Na economia, chegou o momento pior da crise. O desemprego vem subindo fortemente. Era 4,3% em dezembro e ontem foi anunciado que em julho chegou a 7,5%. O desemprego de jovens foi a 18,6%.
Essa é a taxa de desemprego metropolitana. Mede apenas o que ocorre em seis capitais. O novo indicador, a Pnad Contínua, com abrangência nacional, já havia mostrado um número mais alto, de 8,1%, no trimestre encerrado em maio. O que as duas pesquisas informam é que o ambiente do mercado de trabalho está tendo uma forte deterioração este ano.
A população desocupada, ou seja, o número total de desempregados, aumentou 56% em um ano, a maior elevação da série histórica. O rendimento médio real caiu 2,4% nesse período. O desemprego aumenta, a renda encolhe.
Hoje é dia de o Ministério do Trabalho divulgar os dados do emprego formal do Caged, e, conforme antecipou ao jornal O GLOBO o ministro Manoel Dias, julho terá novo fechamento de vagas, depois do corte de 111 mil em junho.
O dia de ontem teve também visita ao Brasil da chanceler alemã Angela Merkel, renúncia do primeiro-ministro grego Alexis Tsipras, e queda da bolsa americana Dow Jones ao menor nível do ano, por medo de uma forte desaceleração na China.

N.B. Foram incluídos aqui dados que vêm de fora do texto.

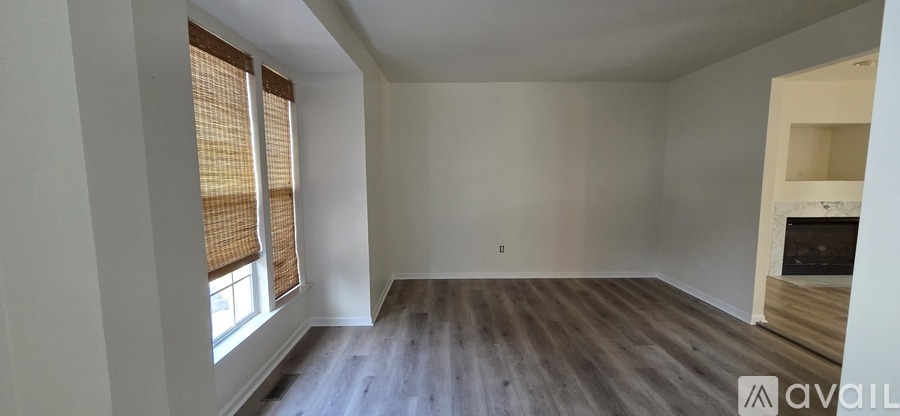 A room with wooden floors and a window with blinds.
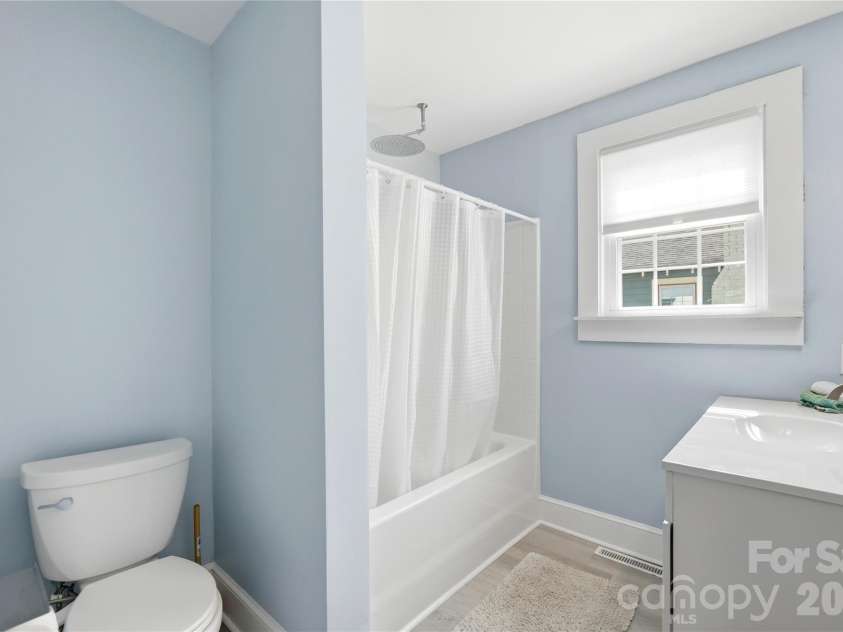 315 Pendleton Street, Rock Hill, SC 29730.  MLS# CAR4412482, YatesRealty ID 44209. A bathroom refresh done right. This bathroom features a new vanity and a rainshower head above the tub, with a calming color palette and natural light from the window.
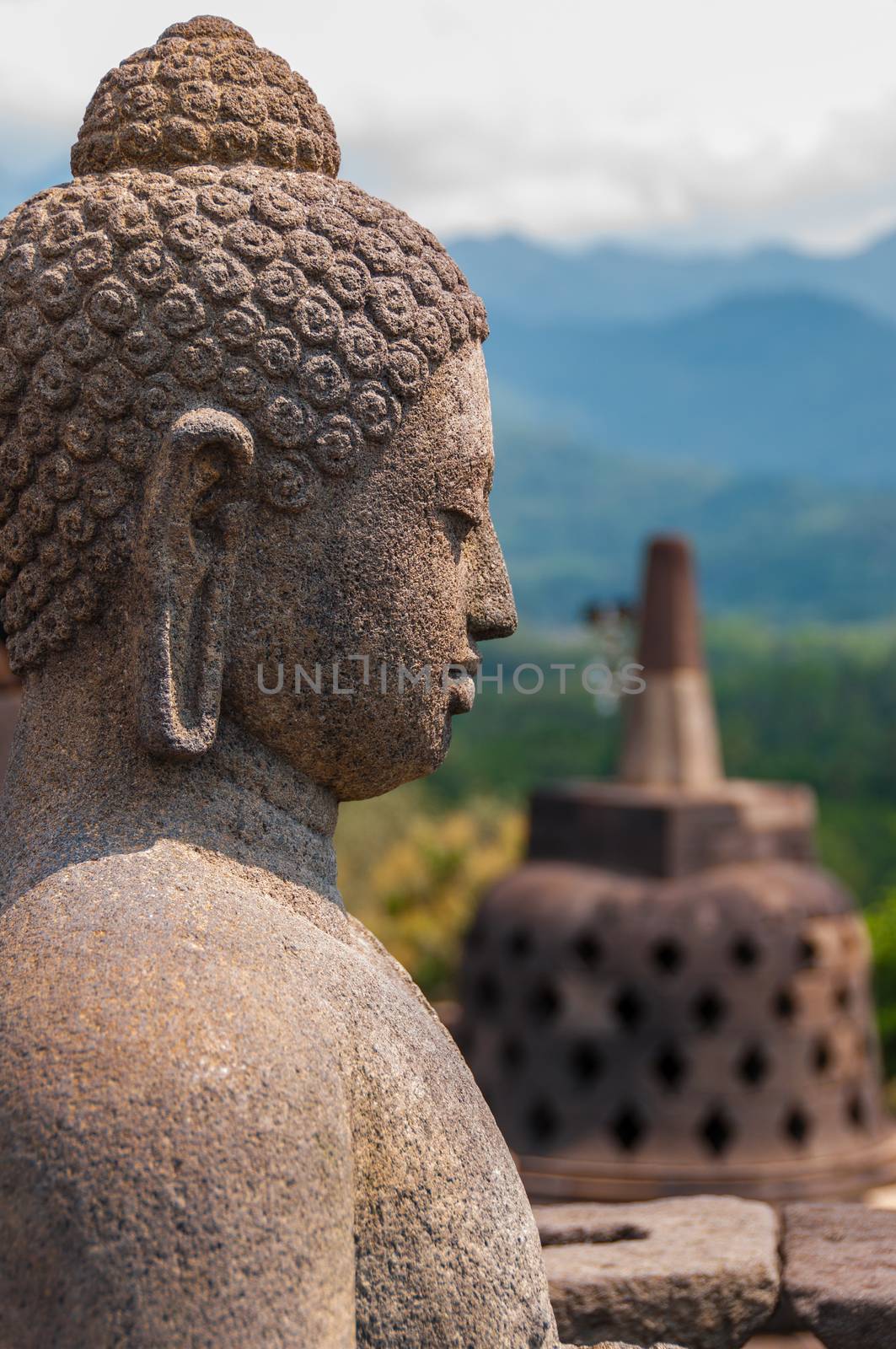 Sitting stone Buddha in front of Stupa at borobudur near Yogyakarta in Indonesia. Borobudur is the biggest buddhist temple in the world.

A renúncia de Tsipras fará os gregos terem novas eleições, aumentando a incerteza econômica e política. Pelo menos, terão a chance de mudar ou de fortalecer o governo, como queiram. Será a sexta vez em oito anos que o país irá às urnas para escolher um primeiro-ministro.
Se o tempo fosse mais favorável, haveria muito a conversar com a Alemanha. Mas este é o momento de um governo enfraquecido no Brasil e sem capacidade de ação. O comércio entre Brasil e Alemanha foi favorável aos alemães em US$ 7,5 bilhões no ano passado. Exportamos US$ 6,6 bilhões e importamos US$ 13,8 bi. Até julho deste ano, o nosso déficit chega a US$ 3,1 bilhões. Nossos três principais produtos exportados aos alemães foram café, minério de cobre e soja. Com a plataforma de exportação que é a Alemanha, a conversa poderia ser sobre um tema que temos relegado: a integração nas cadeias globais de suprimento. Mas o Brasil, neste mês de agosto, anda assim: a cada dia basta a sua própria cota de eventos. A de ontem foi além da conta.